JAKARTA, Supersemar News – Gubernur DKI Jakarta Pramono Anung meminta operasi pembersihan ikan sapu-sapu diperluas ke seluruh wilayah ibu kota.

‎Dia ingin wilayah dengan populasi ikan sapu-sapu terbanyak dibersihkan tanpa terkecuali.

‎”Saya akan meminta tidak hanya di Jakarta Pusat, di semua wilayah yang ikan sapu-sapunya banyak untuk kita adakan operasi,” kata Pramono di Kantor Wali Kota Jakarta Timur, Minggu (12/4/2026).

‎Diketahui, pada Jumat 10 April 2026, Pemerintah Kota (Pemkot) Jakarta Pusat berkolaborasi bersama dengan Dinas Ketahanan Pangan, Kelautan, dan Pertanian (KPKP) DKI Jakarta melakukan kerja bakti penangkapan ikan sapu-sapu di kali Cideng, depan Plaza Indonesia (PI).

‎”Jadi kita mulai apa yang di PI kemarin sebagai awal. Memang sudah cukup banyak, tapi tidak mungkin langsung bisa selesai. Tetapi ini menurut saya merupakan sesuatu yang bermanfaat dan memberikan kontribusi positif,” ucap Pramono.
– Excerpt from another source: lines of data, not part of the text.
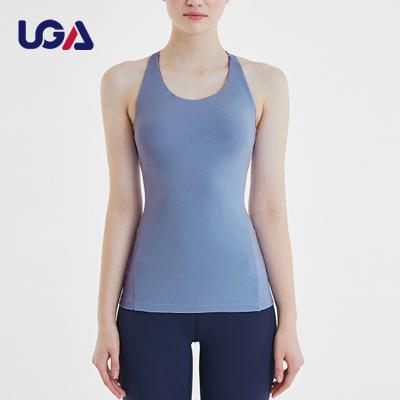 China Yoga Logo Elastic Top Custom Women's Sleeveless Breathable Fitness Shaping Long Solid Color Sweat Wicking Tank Tops Private Label for sale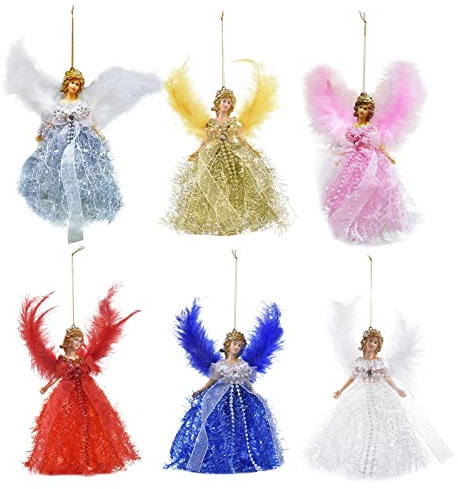 6 Weihnachtsengel Baumspitze - Weihnachtsbaum Engel Topper Mit Flügeln | Engel Weihnachtsbaumspitzen Mit Federflügel Für Weihnachtsdekorationen | Engel Christbaumspitze | Engel Anhänger Geschenke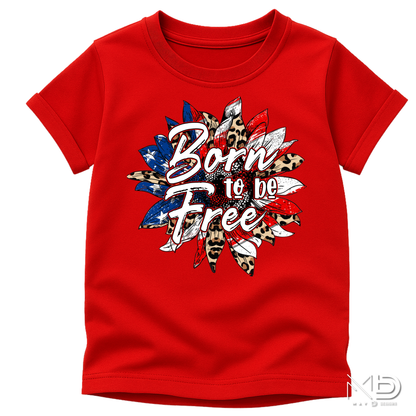 Born to Be Free Patriotic Leopard Sunflower Shirt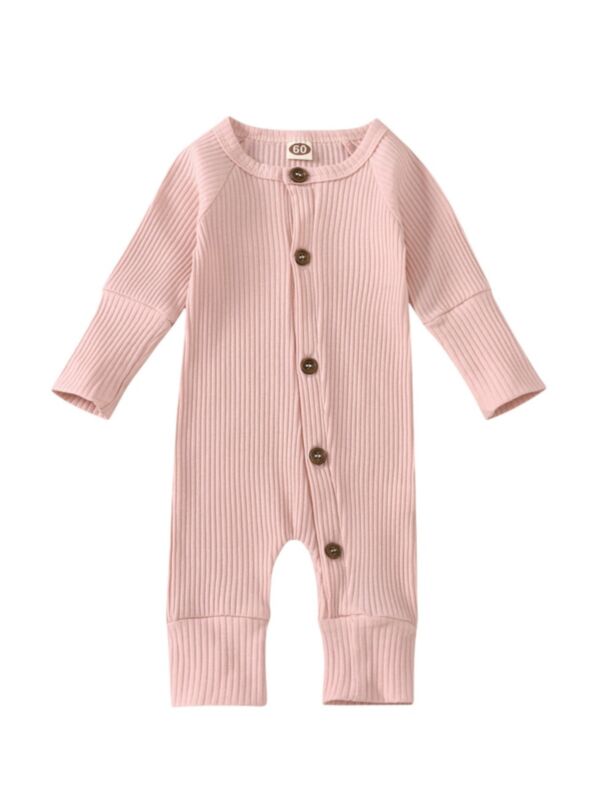 Solid Color Ribbed Button Baby Jumpsuit 210830708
‎Ia menyampaikan bahwa meledaknya populasi ikan sapu-sapu di wilayah Jakarta menyebabkan kerusakan tanggul lingkungan. Hal ini berdampak pada kelestarian ekosistem perairan lokal.
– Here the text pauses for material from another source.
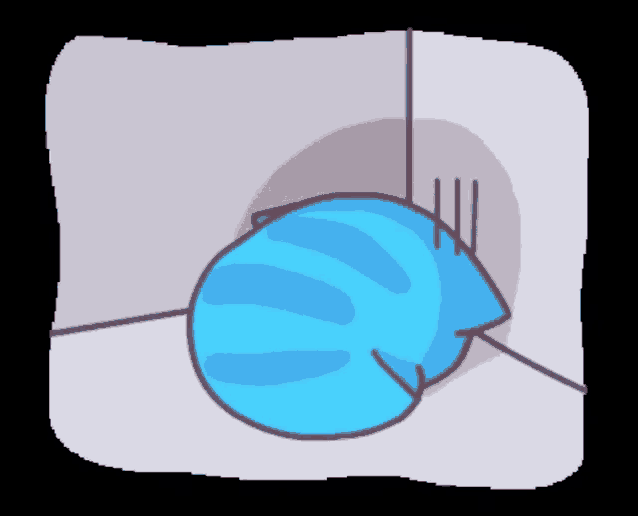a cartoon of a blue cat sitting in a corner .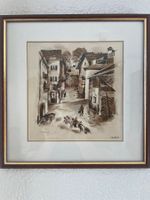 Charles Menge lithographie. Village de Charrat en Valais.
‎”Kalau tidak dilakukan segera penangkapan dan juga mengurangi jumlah ikan sapu-sapu ini pasti ini akan berpengaruh pada kita,” ucap Pramono.

‎Operasi Pembersihan Dimulai
‎Sebelumnya, Kepala Dinas KPKP Pemprov DKI Jakarta Hasudungan A Sidabalok mengatakan, permasalahan ikan sapu-sapu di Jakarta bukan hal yang baru. Sebab, permasalahan sebelumnya juga sudah pernah terjadi di kali Ciliwung.
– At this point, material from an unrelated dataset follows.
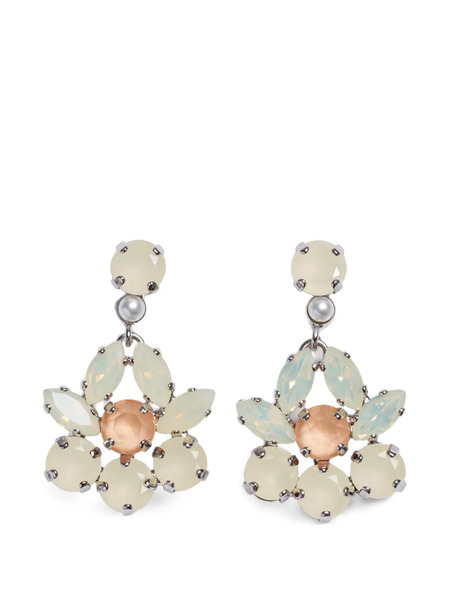  Simone Rocha Pendientes Largos Heartbloom - Plateado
‎”Waktu pembersihan ikan sapu-sapu di kali Ciliwung kita sudah mengambil sampel ikan dan airnya juga, ternyata ambang batas pencemarannya melebihi ikan mengandung Salmoella serta E.Coli juga residu logam berat,” kata Hasudungan dalam keterangan tertulis, Jumat (10/4/2026).

‎Dia menyatakan, pembersihan ikan sapu-sapu di kali Cideng tidak sesulit pembersihan di kali Ciliwung. Dia menyebut penangkapan ikan lebih mudah karena aliran sungai yang tidak terlalu panjang dan rumit.

‎Hasudungan berujar bahwa ikan sapu-sapu yang telah ditangkap selanjutnya dibawa ke Pusat Produksi Inspeksi dan Sertifikasi Hasil Perikanan (PPISHP) Ciganjur.

‎”Bangkai ikan sapu-sapu yang telah mati akan dikubur karena daya tahan ikan sapu-sapu ini memang jika tidak dipastikan mati maka bisa hidup tanpa berada di air,” ucapnya.